Вспоминается мне и еще несколько очень характерных для Матэ Залки высказываний, которые относятся к тем же съездовским дням. Тогда как-то уж слишком крикливо, с треском и шумом фейерверка, поднималась слава одного молодого драматурга. Конечно, он был талантлив, но, как потом многие говорили, слишком любил пользоваться «конъюнктурными обстоятельствами». Доверчивая зеленая молодежь стайками ходила за ним. А он, глядя поверх наивных голов, поучал их небрежно, непререкаемо, уверенный в том, что каждое его слово будут ловить на лету. Я спросила, кто это. Залка с чуть заметной насмешкой ответил:
— А… этот? Недавно делал сценарии для кино, а теперь преславный, — он вздохнул, — драматург.
Заметив, что я смотрю на новенькую, блестящую, будто облитую маслом, кожаную куртку «преславно-то» драматурга, Залка сказал:
— Это у него специальный костюм — для масс.

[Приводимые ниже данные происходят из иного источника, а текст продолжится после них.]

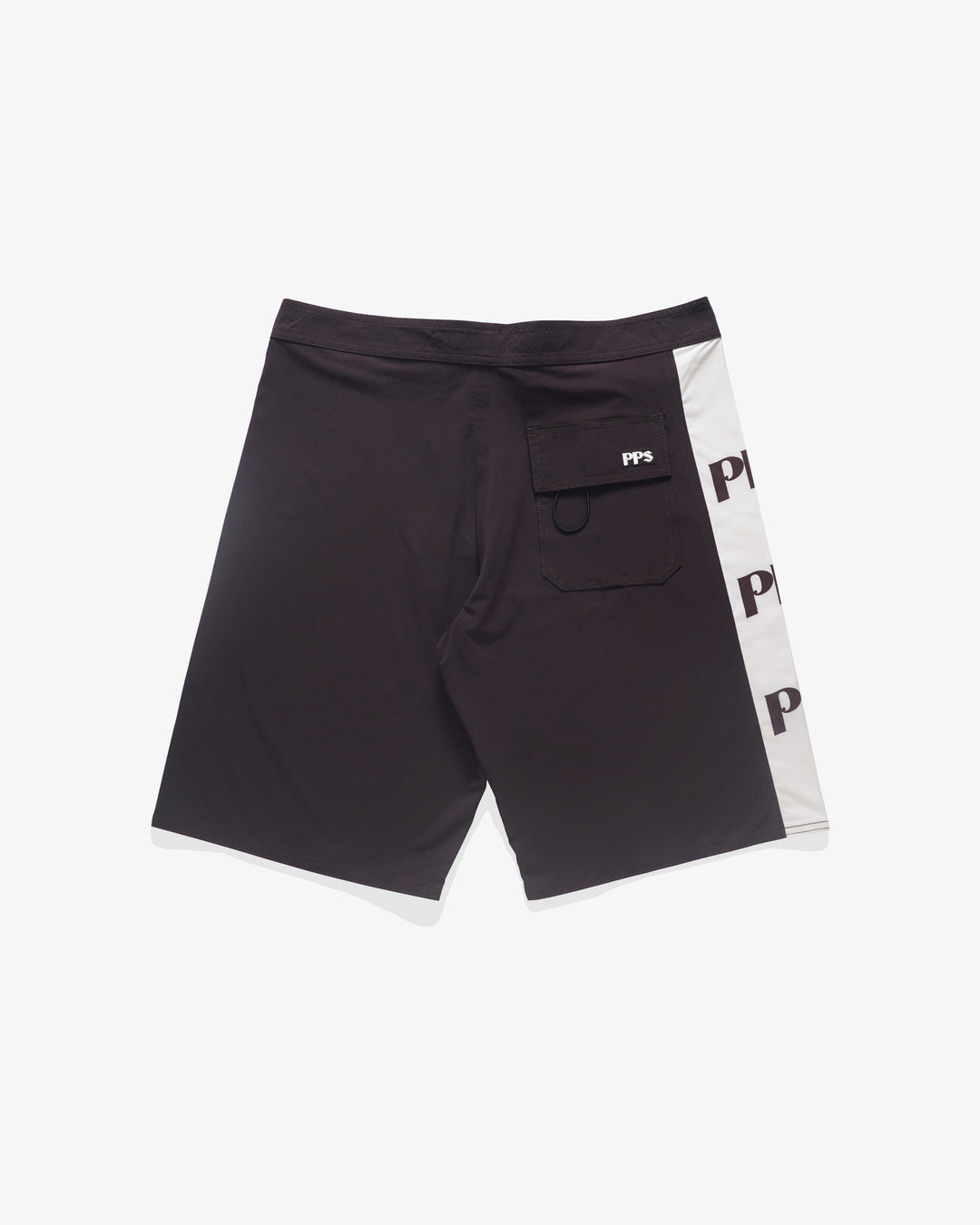 3 Find Boardshort – PPS Surf X Supply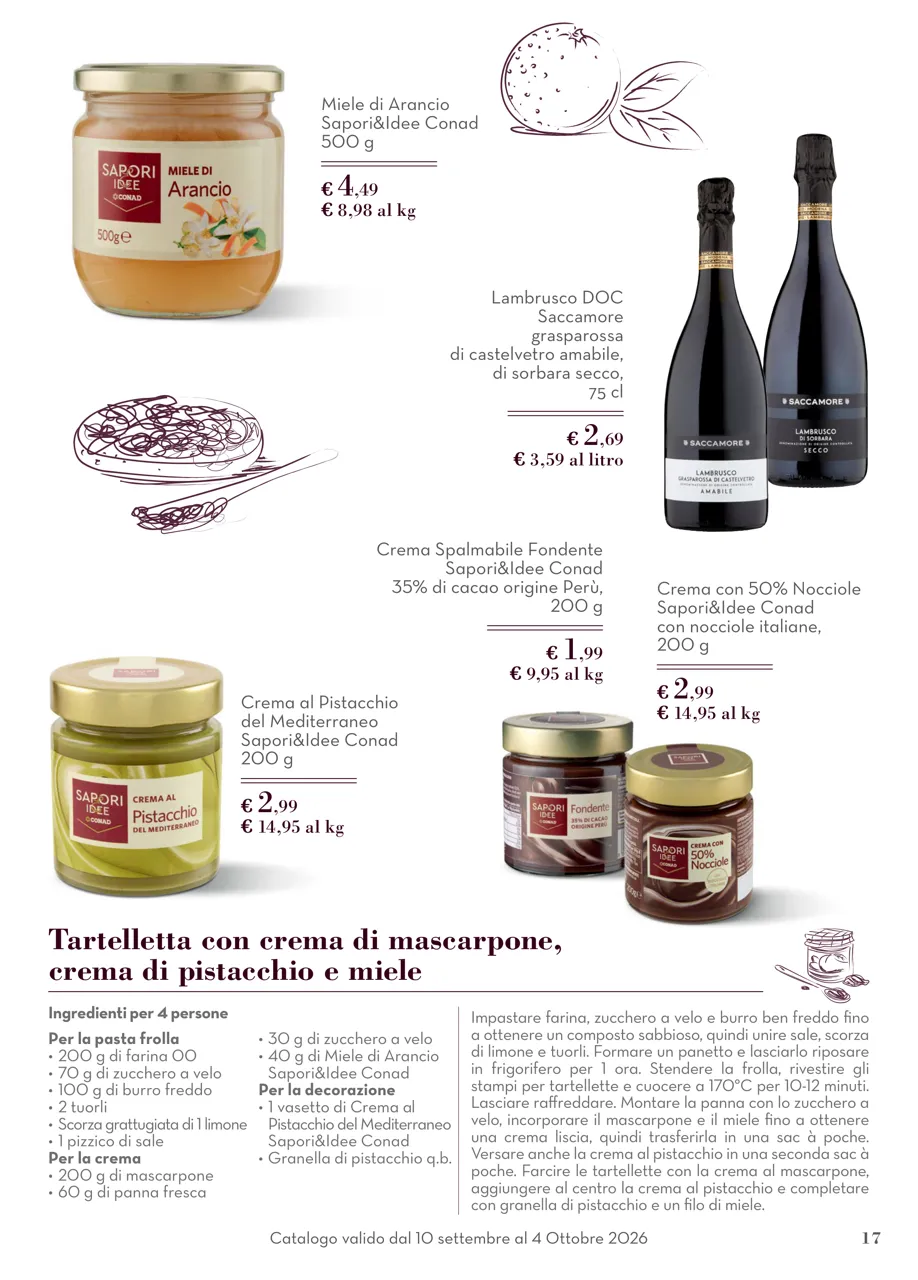 Pagina 17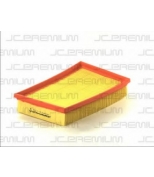 JC PREMIUM - B28025PR - 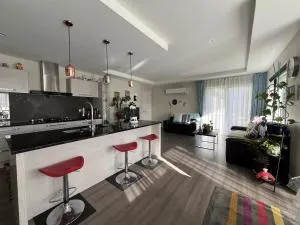 Wigram sunny quiet home - Wigram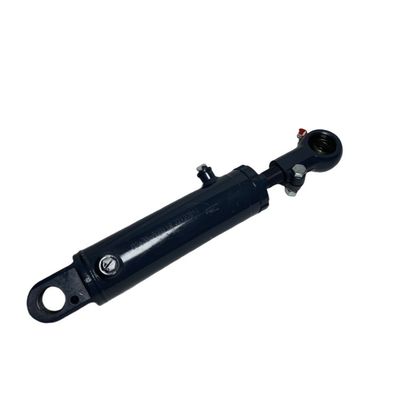 Hydraulic Cylinder Assembly D2N38-50011 for Forklift Tilting Garment Shops Appliance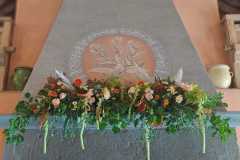 6ccb9306-00ad-4f1e-b025-826bcbe0d6b2 6ccb9306-00ad-4f1e-b025-826bcbe0d6b2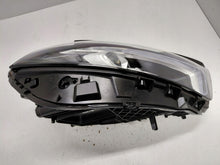 Laden Sie das Bild in den Galerie-Viewer, Frontscheinwerfer Mercedes-Benz W177 A1779064803 Rechts Scheinwerfer Headlight SCH7301460685il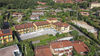 Moderne Zweizimmerwohnung in der Nähe von Dienstleistungen in Soiano del Lago
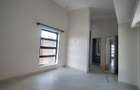 4 Bed Townhouse in Limuru - 7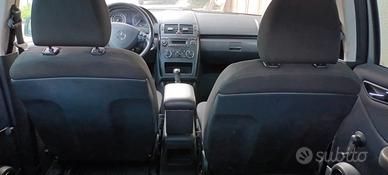 Mercedes-benz A 180 CDI Elegance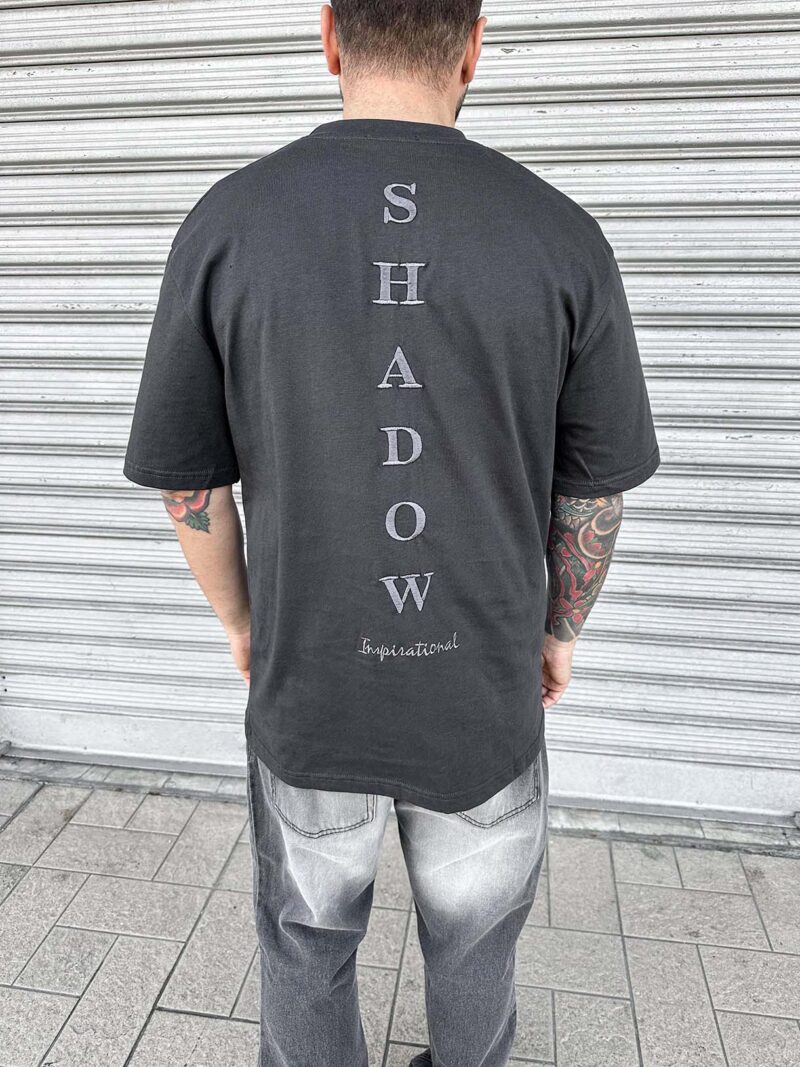 Shadow New Signature - immagine 4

И Залка, смеясь голубыми глазами, поправил свой красивый шелковый галстук.
Когда я переехала в Москву, мы встретились с Матэ Залкой как старые друзья. Первым делом он озабоченно осведомился, как я устроилась с квартирой. Узнав о многих ее несовершенствах, он несколько минут забавно сокрушался, с непритворной досадой почесывал за ухом, хмурился и вслух жалел, что «коммунальные дрязги» помешают мне работать. На мой вопрос об его квартире, Матэ ответил добродушным смехом:
— Ну… нельзя сказать, чтобы уж очень была хороша!
Он рассказал с разными комическими подробностями, как в голодные, бестоварные годы он собственным трудом «оборудовал квартирку» из старого автомобильного гаража.
— Одни эти проклятые гвозди… к-как они меня мучили… ой-ой!
Он умел шутить и смешить, заражая своей жизнерадостностью. Мне случалось видеть его серьезным, озабоченным, недовольным, но никогда я не видела его унылым, с безнадежно кислым лицом или опущенными плечами. Он всегда был как-то сдержанно весел, прост, ровен в обращении с товарищами. Большей частью он ходил в военном, и оттого его небольшая плотная фигура казалась еще более подтянутой, а походка легкой. Держался он всегда скромно, на литературных собраниях выступал не часто и всегда по конкретному поводу, говорил сжато, даже в том случае, когда вопрос волновал его. Должно быть, сильно не любил он обид и жалоб на невнимание, уязвленного самолюбия и т. п. Однажды, поднимаясь по лестнице (дело было перед партсобранием), я услышала насмешливый голос Матэ, который, отвечая кому-то, говорил:
— А ты так и носишься со своей обидой! Выбрось-ка ты этот сор из кармана. Если тебя справедливо задели, значит, надо еще лучше работать, а если несправедливо задели… — голос его вдруг подобрел и повеселел, — то и тогда надо еще лучше работать, чтобы доказать на деле, что тебя надо ценить больше. Вот и все!
Поздоровавшись с ним, я похвалила его правильный совет товарищу.
— Иначе и не скажешь, — ответил он и тут же, лукаво подмигнув, тихонько добавил: — Я сам именно так и делаю — ведь критика меня не очень-то жалует!